The traditional two-part structure has also meant there has been huge variety to Silent Witness over the years, as the characters delve into a completely new world each week. The show has also featured notable guest appearances from stars including Idris Elba, Benedict Cumberbatch, Daisy Ridley, Nicholas Hoult, Jack Dee, Tamsin Egerton, Jason Watkins, Emily Mortimer, Jodie Comer, Martin Compston and Daniel Kaluuya.

The cast also includes Genesis Lynea, who plays Simone Tyler

“It’s the signature of the show itself, telling all sorts of different stories in different ways,” Fox says. “It has room for thriller stories or topical issue stories. Some of my favourite ones have been the ones which have the research [behind them], whether that’s gang crime, knife crime or how drugs affect young people and families.”

“That is also a big reason why it’s so successful internationally, because we cover a lot of ground,” Lambon says. “If you watch one week and think that story isn’t for me, you know next week will be completely different yet familiar because it will be the same characters and the same pursuit of truth and science. That’s a really key ingredient to making the show feel fresh. It keeps reinventing itself naturally because that’s what the format requires you to do.”

Making Silent Witness is “more complicated than it looks,” Lambon jokes. The show must present science and pathology in an understandable way, while there are also lots of graphics, a large amount of CCTV footage to create and some quite complicated prosthetics that must each reveal a type of pathology relevant to the story.

“You can’t keep using the same body under a sheet, you have to see it,” Till notes. “You can’t just talk about it. A lot of the time you do have to illustrate it.”

“With 25, we wanted to be more ambitious for the show, so in some cases we made life more difficult for ourselves,” Lambon says. “We start in Liverpool, we come back to London, we go to Belfast, and we genuinely go to these places. We don’t just tell the audience we’ve gone there and put a sign up.”

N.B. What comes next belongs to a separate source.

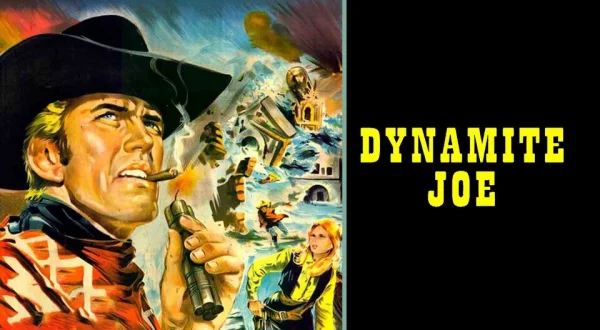 Dynamite Joe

Fox’s own preparation for each episode includes pathology rehearsals, during which the cast will run through the post-mortem scenes and how they should conduct both external and internal examinations.

“Even though I’ve been doing it for 17 years, I still have to learn each time from the very beginning for each post-mortem we do,” she says. “But they really take that very seriously, the production, and give us time to work with the real medical experts on it. Otherwise, it’s like learning gobbledegook, and if I don’t know what I’m saying then I can’t say it. The post-mortem days are like exam days. I try to learn those as early as possible.”

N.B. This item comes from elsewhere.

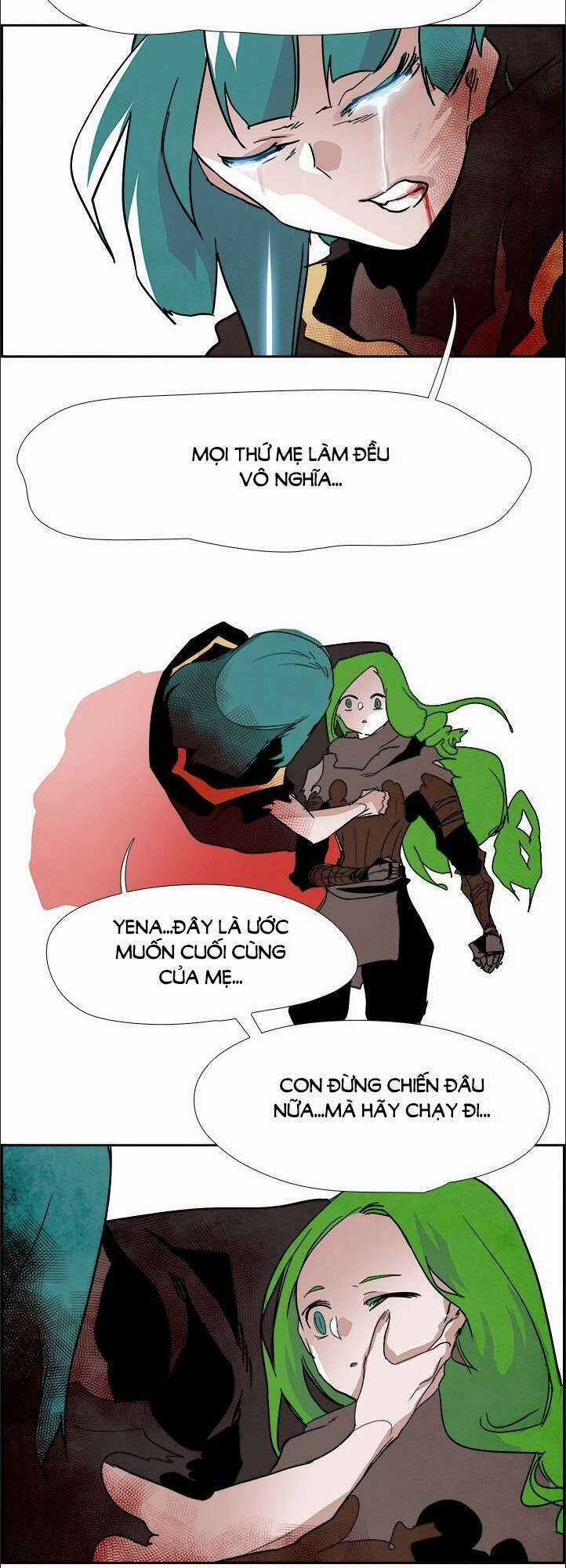 Warble Chapter 205 trang 38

Both Till and Lambon now back Silent Witness to continue to evolve and reinvent itself, while Fox will carry on “for as long as I love it – and I still love it now as much as I did the first day I stepped on set.”

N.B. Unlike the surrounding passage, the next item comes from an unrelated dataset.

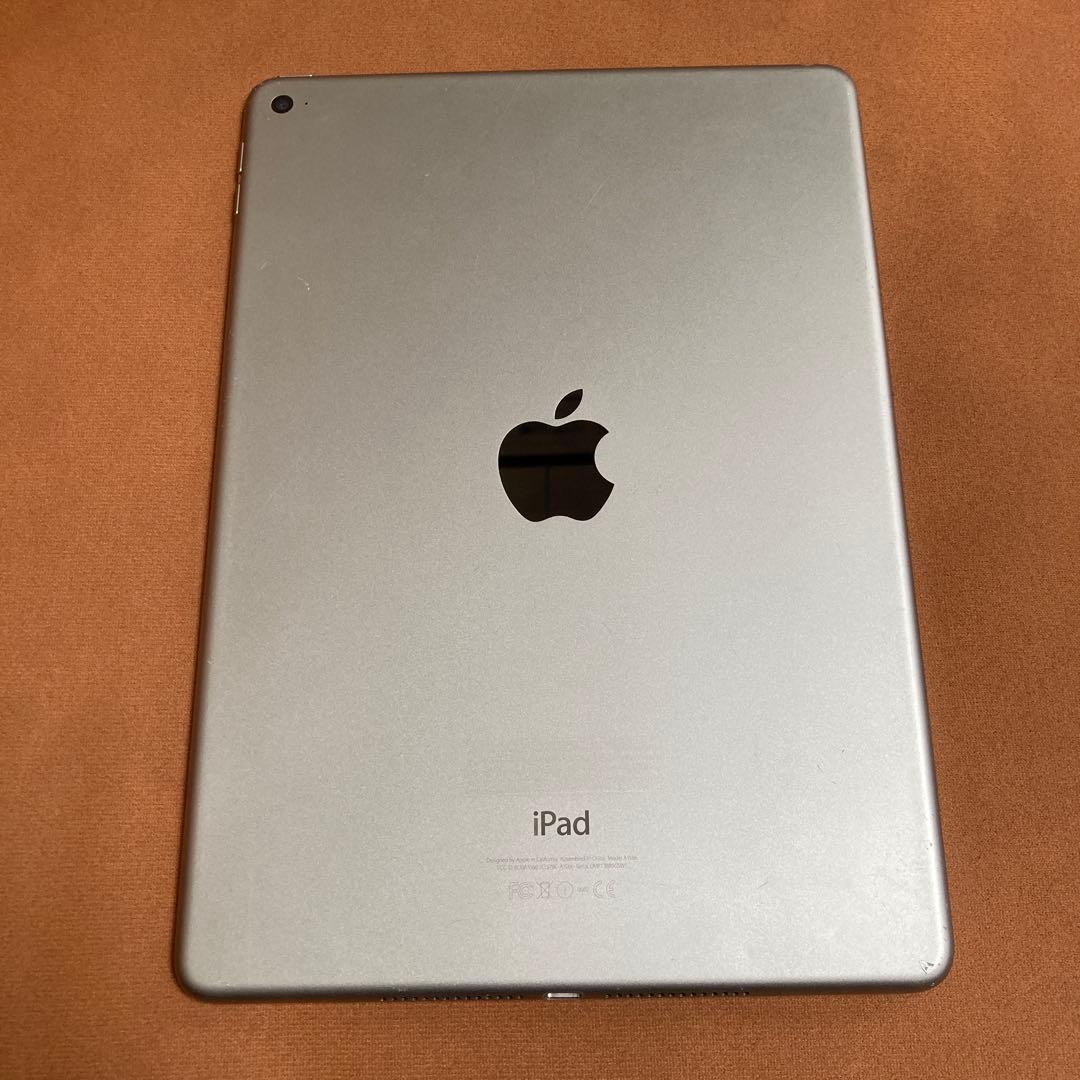 137【早い者勝ち】電池最良好☆iPad Air2 128GB WIFIモデル☆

“The challenges have been both personal and professional, whether that’s an action or emotion to do or simply in learning all the new medical stuff and trying to keep up with the forensic science side of it,” she says. “It’s been such a lovely thing for me to have been my life for this long, to be familiar with a character who is asked to do all sorts of different things each season.”

Real-life advancements in pathology and forensic science also give Silent Witness natural forward progression and mean the writers never run out of new ways to tell the stories that feature in the show.

“It’s one of those good examples where the brand is the star,” Till says of the series. “You want to tune in for the pathology and stay for the characters.”

“When it started, it was literally just one pathologist, and it has tried to keep up and stay with what’s actually going on in the world of forensics and crime solving,” Lambon adds. “All the time in the real world, they’re finding new ways to investigate and solve these crimes. If the show can keep up with that pace of change and keep finding ways to represent that on screen, I don’t see why it can’t carry on and why it won’t keep feeling new.”